**What you will do**.
Word for word, copy the line that contains "Young beautiful woman" and each line after it in the data below. Pictures stay out of the copy.

**Recorded information**.
● ● ● ● ●
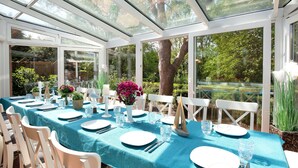 A conservatory with a table set for a meal, surrounded by chairs and glassware. - Deichhaus Küstenwind by Interhome (Fedderwardersiel)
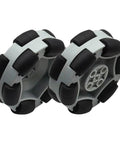 Front view of two 2.5-inch omni wheels with grey hubs and black rollers; 50mm motor compatible.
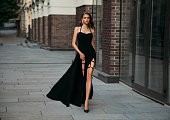 Young beautiful woman in a long black dress is walks down the street.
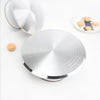 A silver aluminum cake turntable with a rotating platform and a small light-colored object nearby.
● ● ● ● ●
**Solved problem**.
 Young beautiful woman in a long black dress is walks down the street.
 A silver aluminum cake turntable with a rotating platform and a small light-colored object nearby.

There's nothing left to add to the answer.